*** Begin section ***
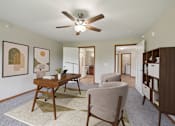 Thumbnail 2 of 58 - A room with a ceiling fan and a desk with a chair.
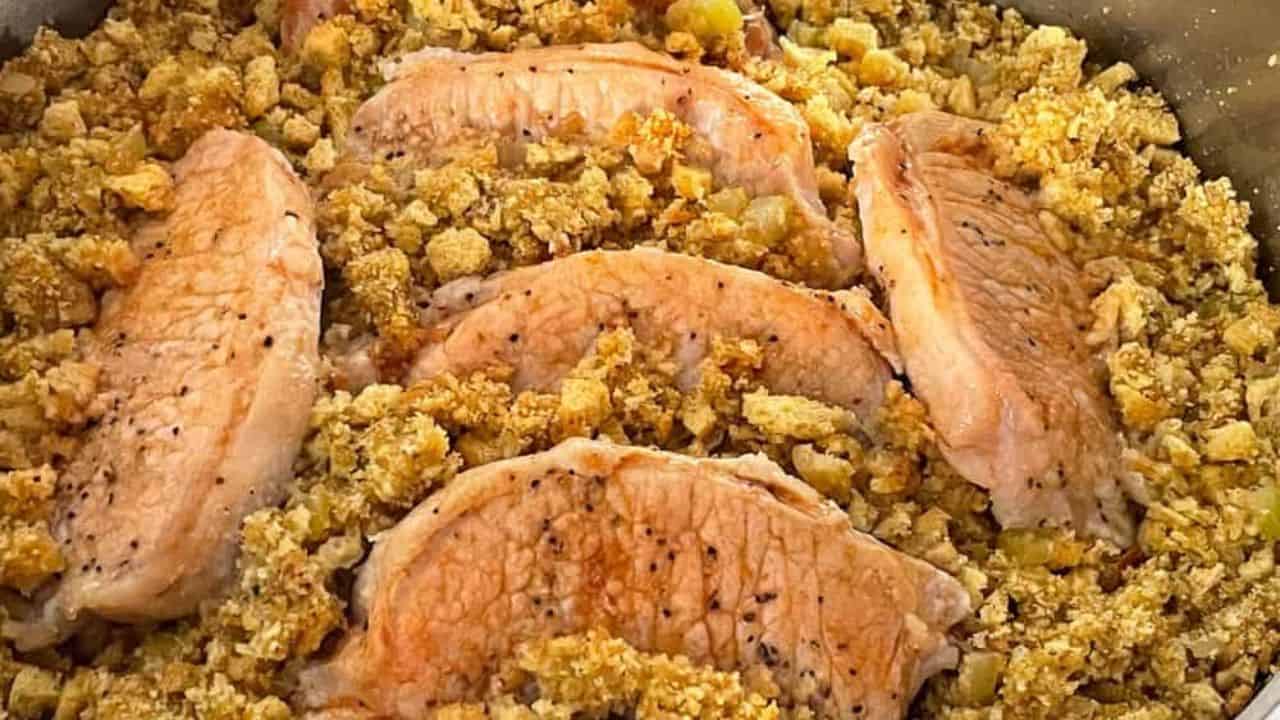 Stuffing and pork chops in a frying pan.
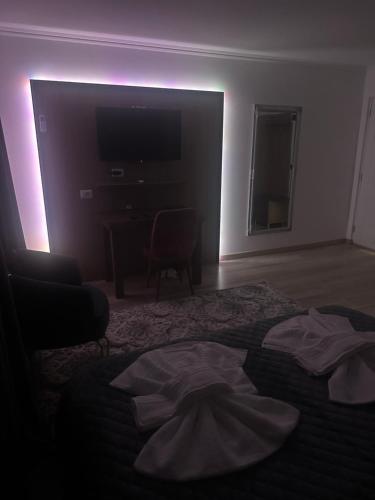 Habitación oscura con cama y TV. en Pensiunea Cascada Putnei, en Lepşa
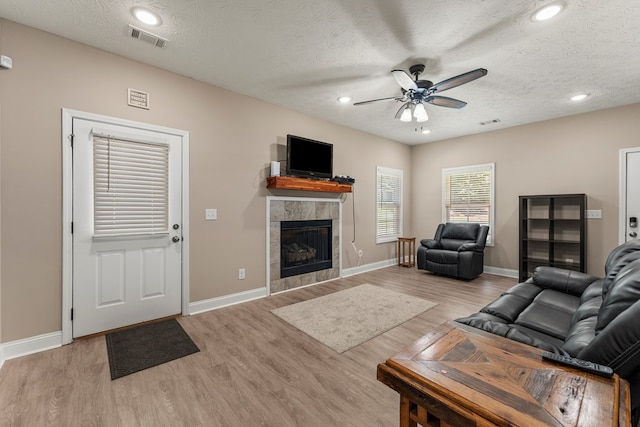 344 Lee Road 2040, Phenix City, AL 36870 - living area with ceiling fan, a fireplace, light wood-style flooring, a textured ceiling, and recessed lighting
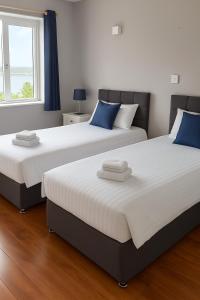 two beds sitting next to each other in a bedroom at Youghal in Youghal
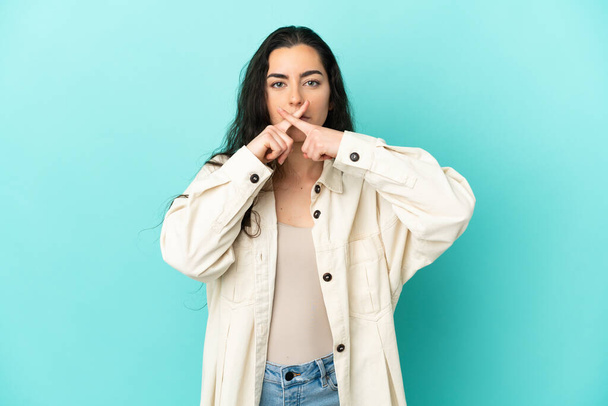 Young caucasian woman isolated on blue background showing a sign of silence gesture - Photo, Image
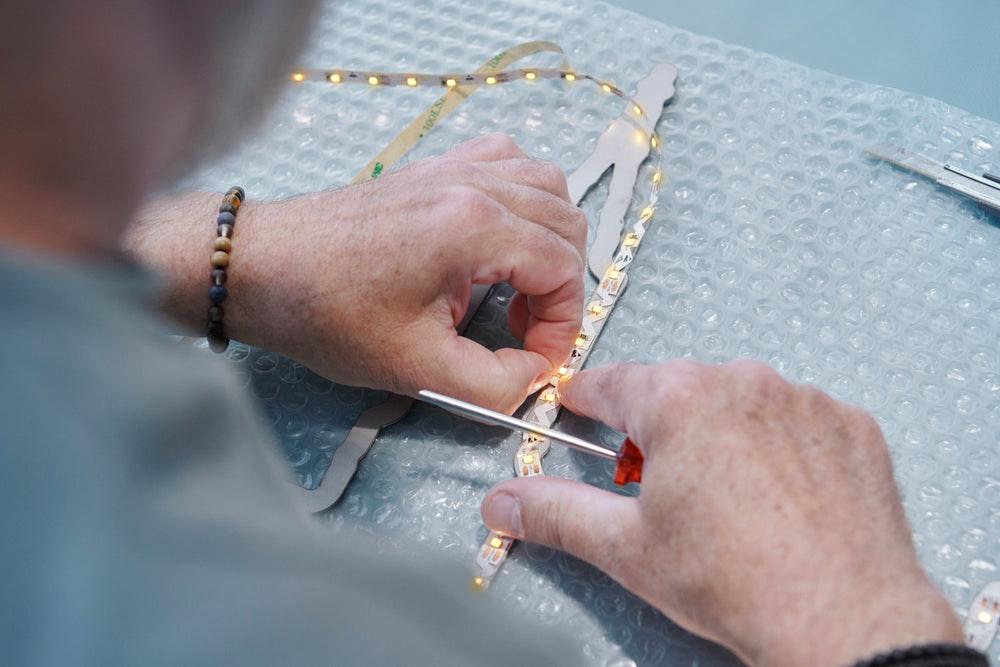 Arbeitsschritt 1: LED-Band wird von Hand in das Chromstahl-Profil eingesetzt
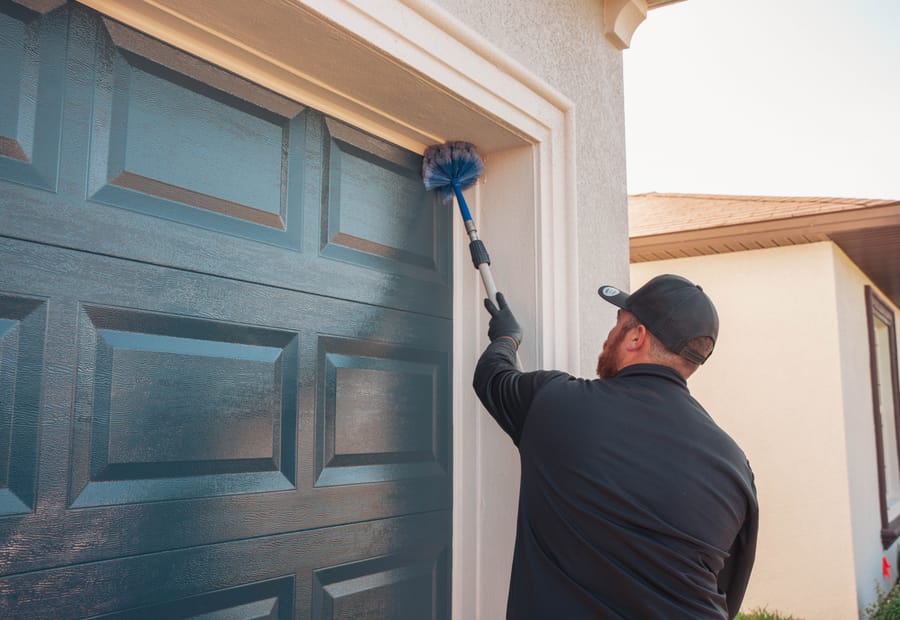 Taps technician de-webbing a Tampa, FL home for spider control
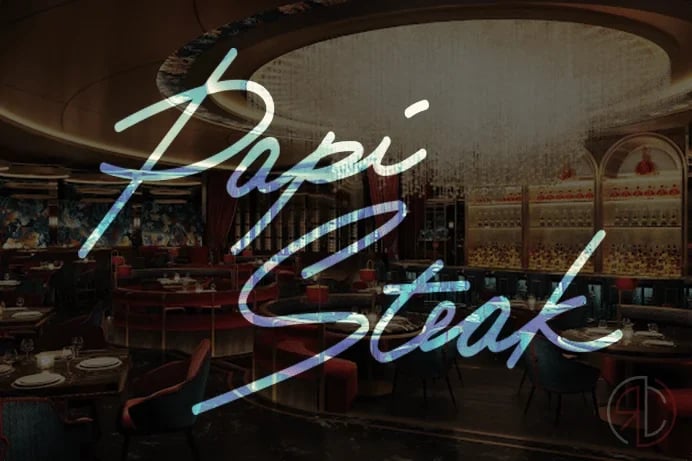 Neon sign reading Papi Steak displayed on a restaurant window with upscale interior visible behind
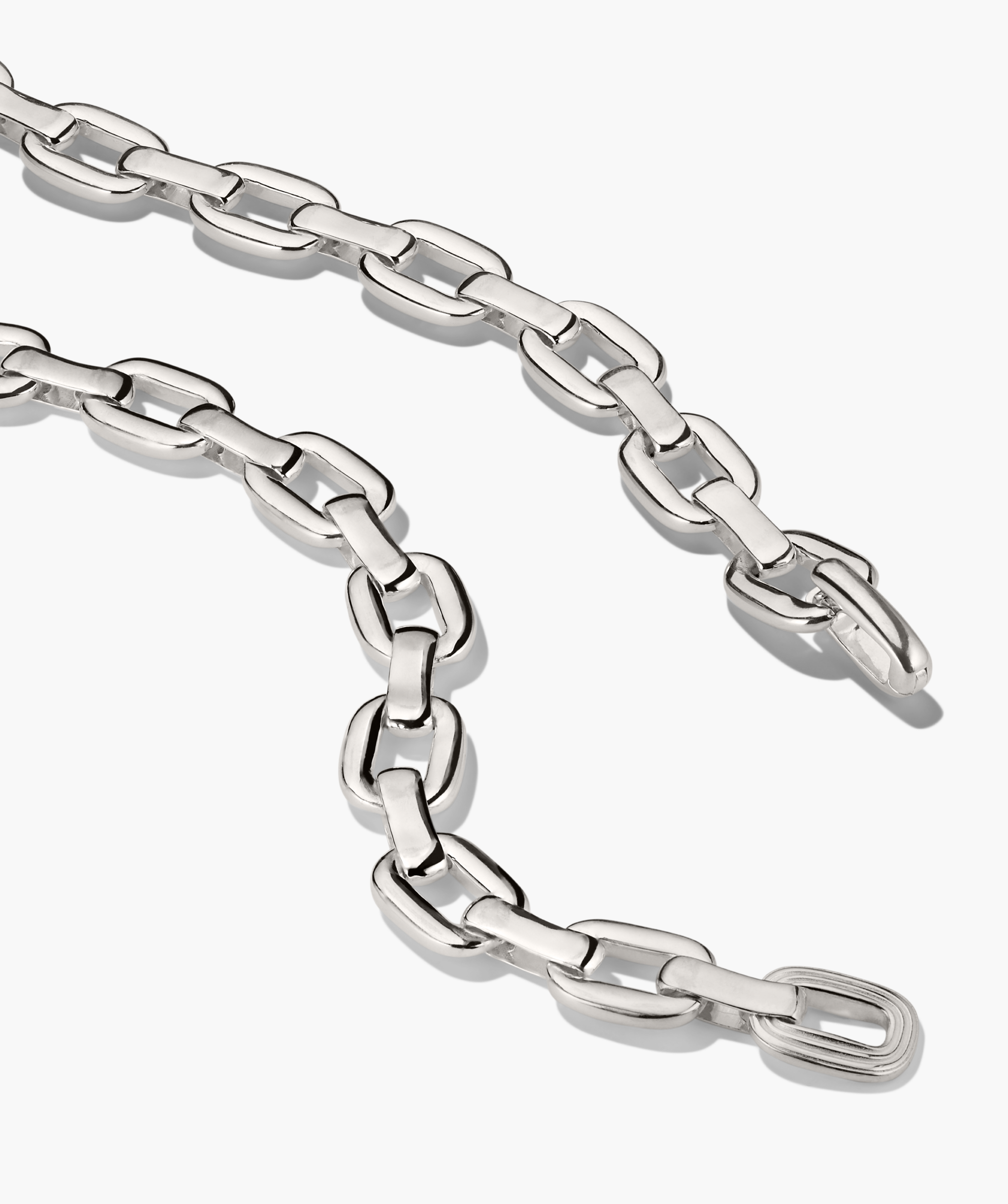 Stevie Chain: Polished silver-tone necklace with interlocking elongated oval links, featuring a single textured link for added interest, laid against a white background.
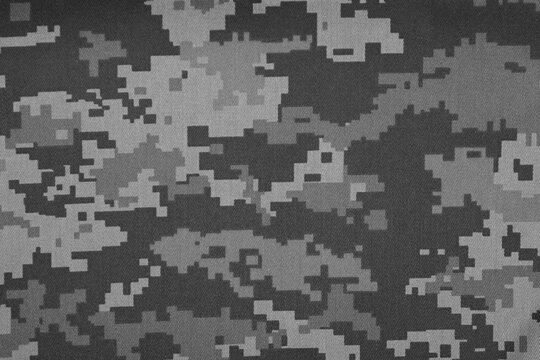 Texture of camouflage fabric as background, top view. Black and white effect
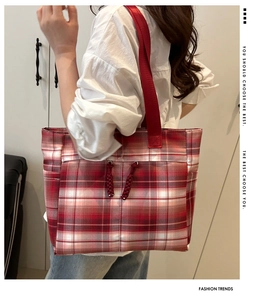 Detail view of red plaid canvas tote bag with decorative drawstrings and side pocket
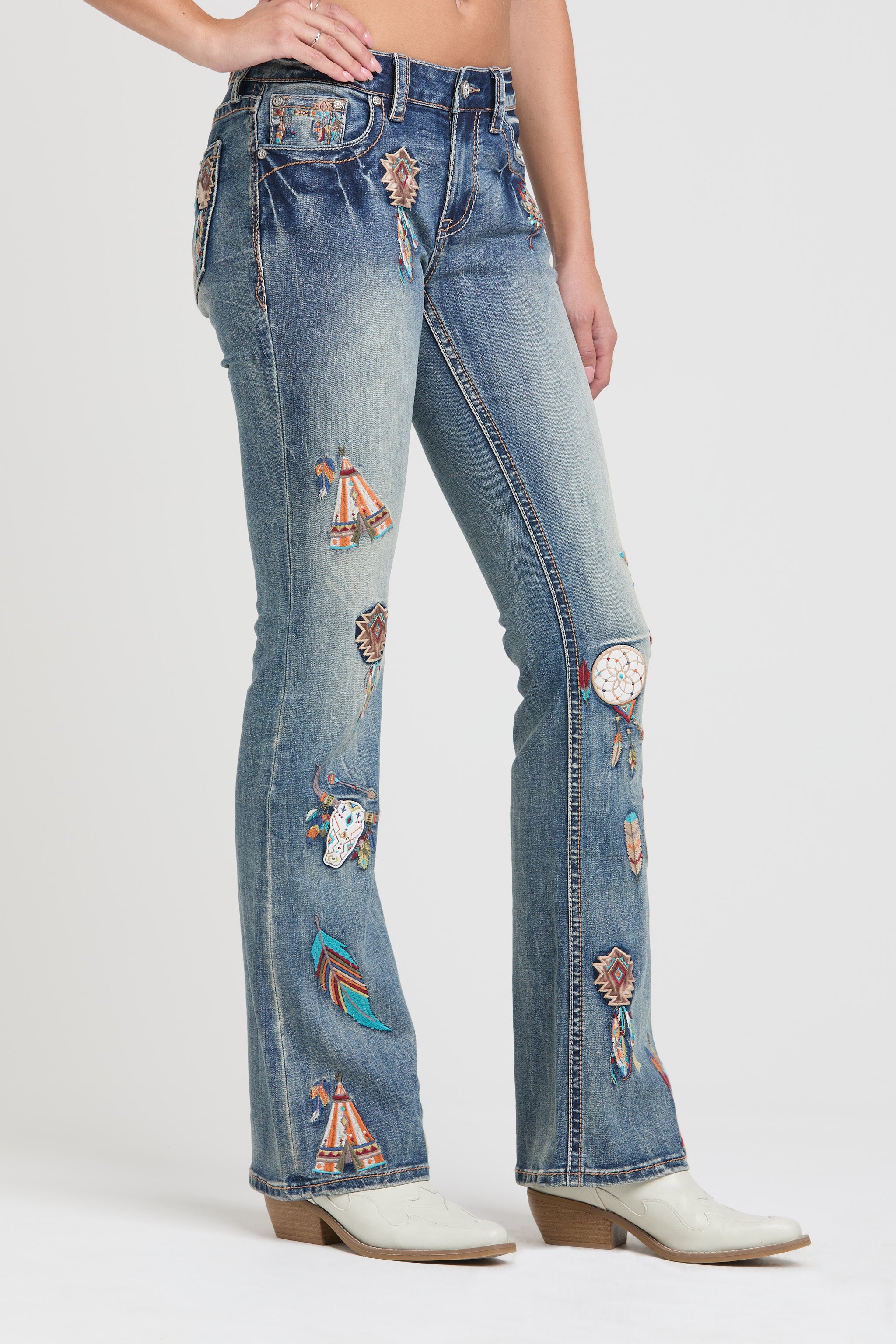Grace in LA rhinestone jeans for women featuring colorful geometric tribal embroidery with crystal studs on the back pocket and waistband.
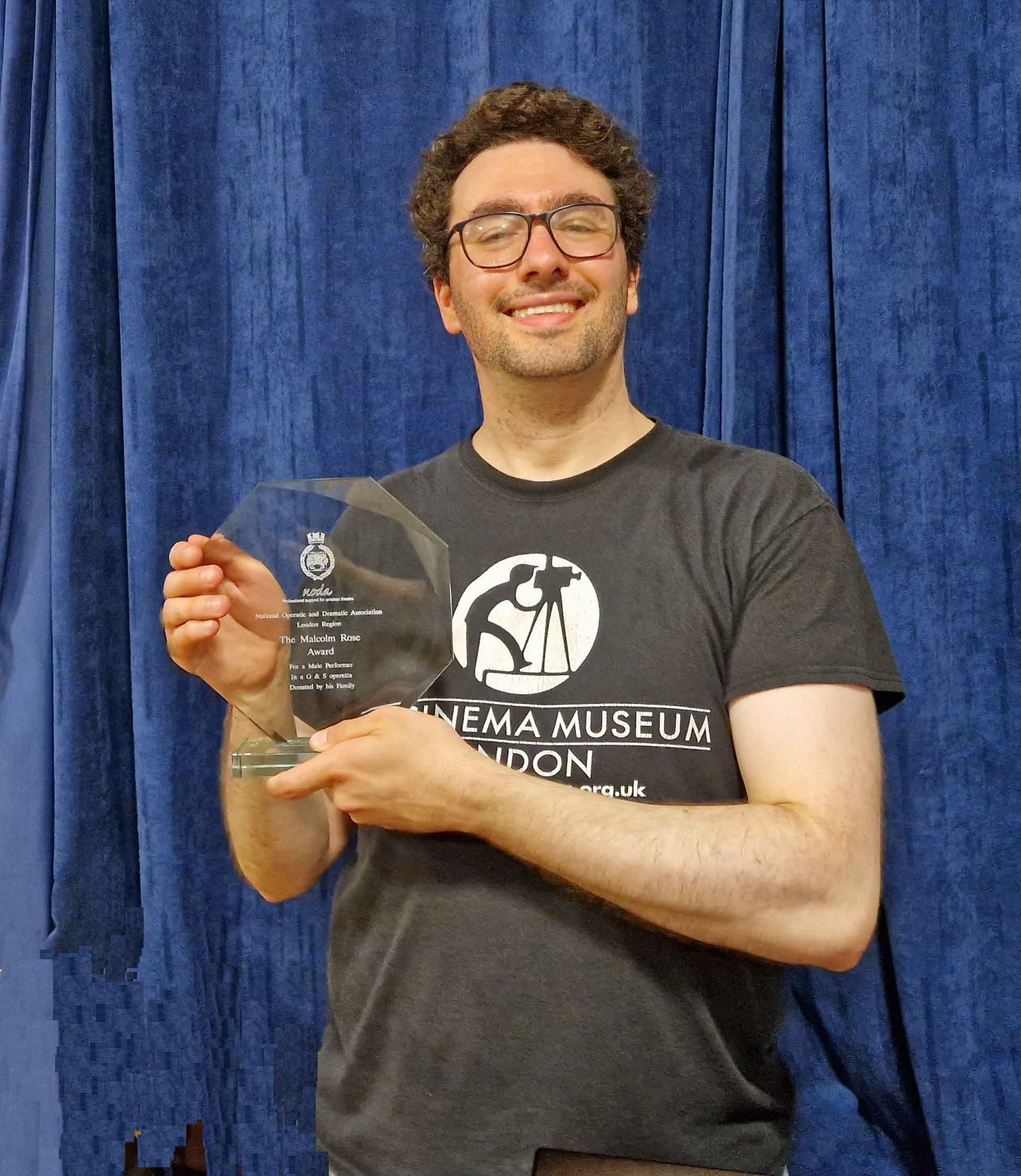 Alex displays his award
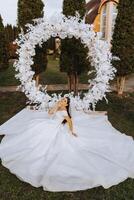ein Brünette Braut im ein Schleier und ein Tiara im ihr Haar sitzt auf ein Verbreitung Kleid, posieren in der Nähe von ein Weiß Bogen gemacht von Blumen im das gestalten von ein Kreis. auf ein Weiß Hintergrund. sonnig Tag. Hochzeit Zeremonie foto
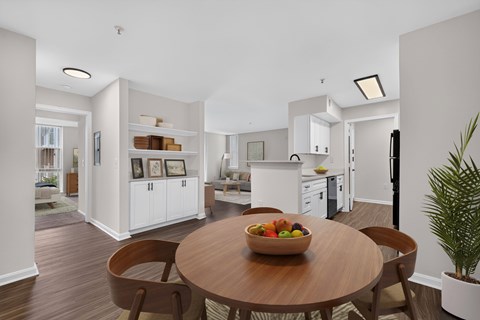 A modern kitchen with a wooden table and chairs.
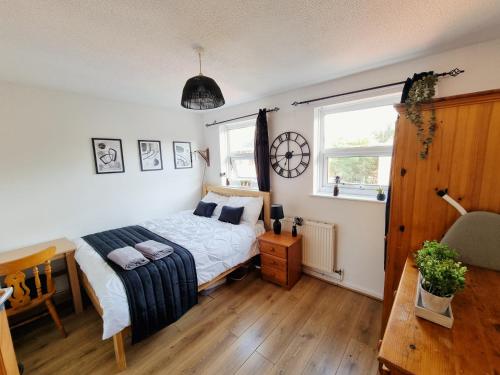 a bedroom with a bed and a window at Underwood at Shoreditch in London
*** End section ***
Work request:
Give the data again exactly as it appears, but without any images.

Exercise response:
 Thumbnail 2 of 58 - A room with a ceiling fan and a desk with a chair.
 Stuffing and pork chops in a frying pan.
 Habitación oscura con cama y TV. en Pensiunea Cascada Putnei, en Lepşa
 344 Lee Road 2040, Phenix City, AL 36870 - living area with ceiling fan, a fireplace, light wood-style flooring, a textured ceiling, and recessed lighting
 two beds sitting next to each other in a bedroom at Youghal in Youghal
 Young caucasian woman isolated on blue background showing a sign of silence gesture - Photo, Image
 Arbeitsschritt 1: LED-Band wird von Hand in das Chromstahl-Profil eingesetzt
 Taps technician de-webbing a Tampa, FL home for spider control
 Neon sign reading Papi Steak displayed on a restaurant window with upscale interior visible behind
 Stevie Chain: Polished silver-tone necklace with interlocking elongated oval links, featuring a single textured link for added interest, laid against a white background.
 Texture of camouflage fabric as background, top view. Black and white effect
 Detail view of red plaid canvas tote bag with decorative drawstrings and side pocket
Grace in LA rhinestone jeans for women featuring colorful geometric tribal embroidery with crystal studs on the back pocket and waistband.
 Alex displays his award
ein Brünette Braut im ein Schleier und ein Tiara im ihr Haar sitzt auf ein Verbreitung Kleid, posieren in der Nähe von ein Weiß Bogen gemacht von Blumen im das gestalten von ein Kreis. auf ein Weiß Hintergrund. sonnig Tag. Hochzeit Zeremonie foto
 A modern kitchen with a wooden table and chairs.
 a bedroom with a bed and a window at Underwood at Shoreditch in London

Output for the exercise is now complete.